EXTRACTED DATA:
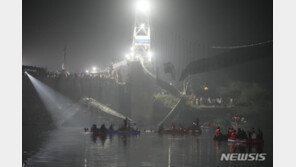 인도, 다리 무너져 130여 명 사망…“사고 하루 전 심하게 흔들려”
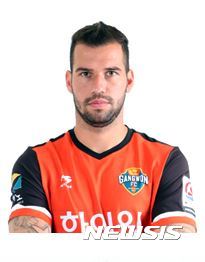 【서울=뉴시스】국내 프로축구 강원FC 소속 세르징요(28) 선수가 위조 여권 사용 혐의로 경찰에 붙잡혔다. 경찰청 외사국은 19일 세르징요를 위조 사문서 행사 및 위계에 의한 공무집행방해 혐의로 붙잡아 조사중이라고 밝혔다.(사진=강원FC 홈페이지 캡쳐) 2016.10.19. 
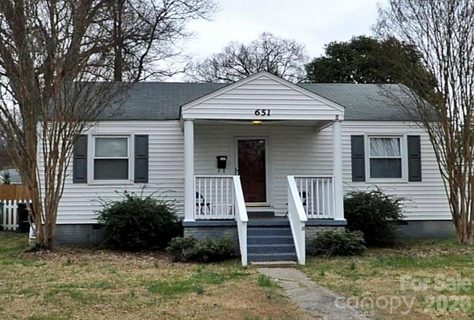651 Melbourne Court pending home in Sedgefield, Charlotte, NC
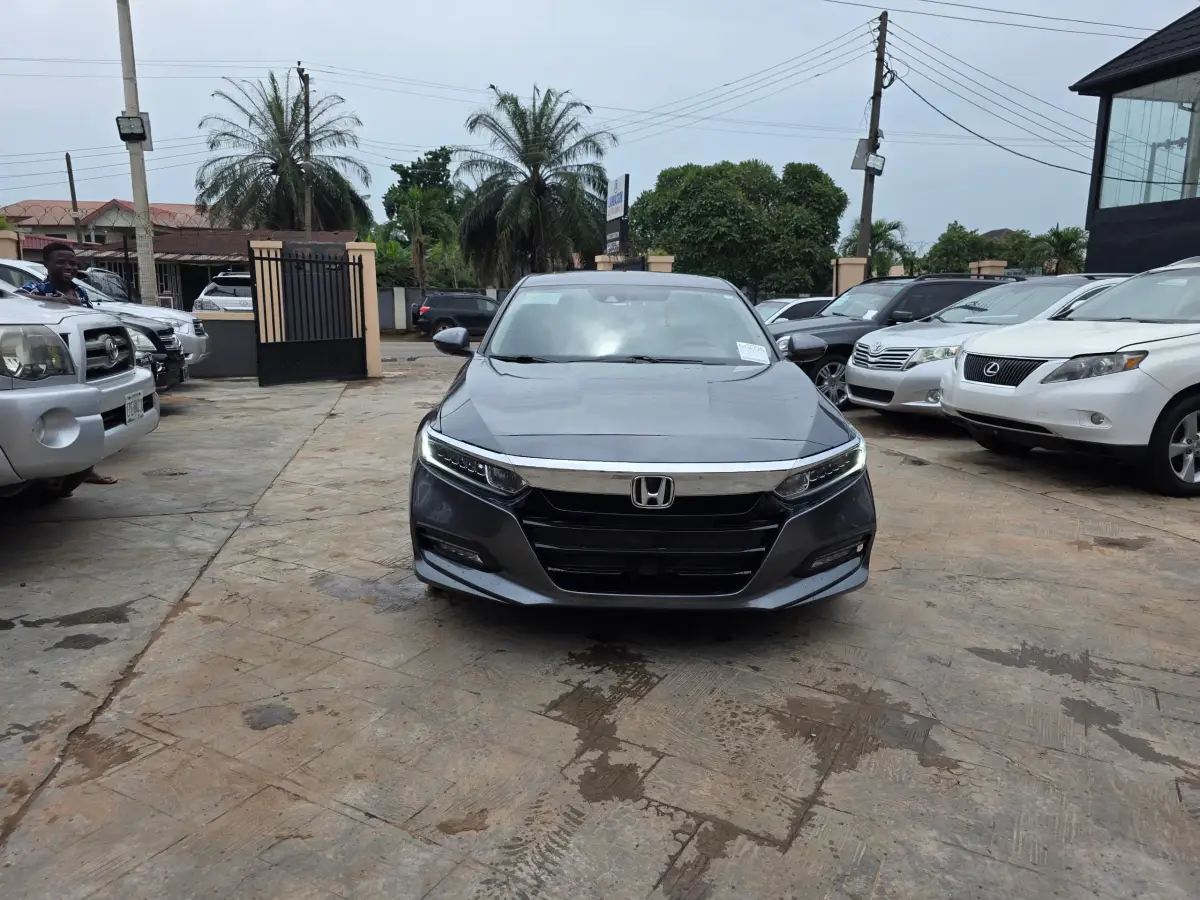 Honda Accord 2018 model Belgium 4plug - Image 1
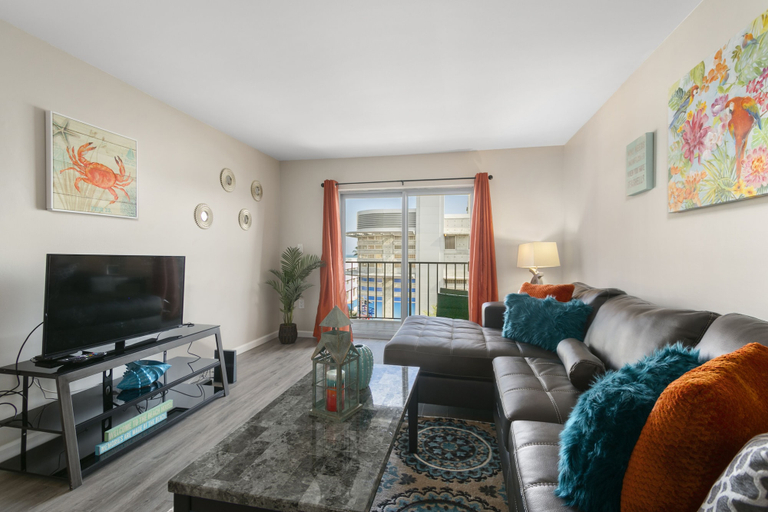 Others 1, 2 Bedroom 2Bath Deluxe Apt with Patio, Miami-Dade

WHAT TO PRODUCE: The result should be the material above, unchanged and free of pictures; please print it.

SOLUTION:
 인도, 다리 무너져 130여 명 사망…“사고 하루 전 심하게 흔들려”
 【서울=뉴시스】국내 프로축구 강원FC 소속 세르징요(28) 선수가 위조 여권 사용 혐의로 경찰에 붙잡혔다. 경찰청 외사국은 19일 세르징요를 위조 사문서 행사 및 위계에 의한 공무집행방해 혐의로 붙잡아 조사중이라고 밝혔다.(사진=강원FC 홈페이지 캡쳐) 2016.10.19. 
651 Melbourne Court pending home in Sedgefield, Charlotte, NC
 Honda Accord 2018 model Belgium 4plug - Image 1
 Others 1, 2 Bedroom 2Bath Deluxe Apt with Patio, Miami-Dade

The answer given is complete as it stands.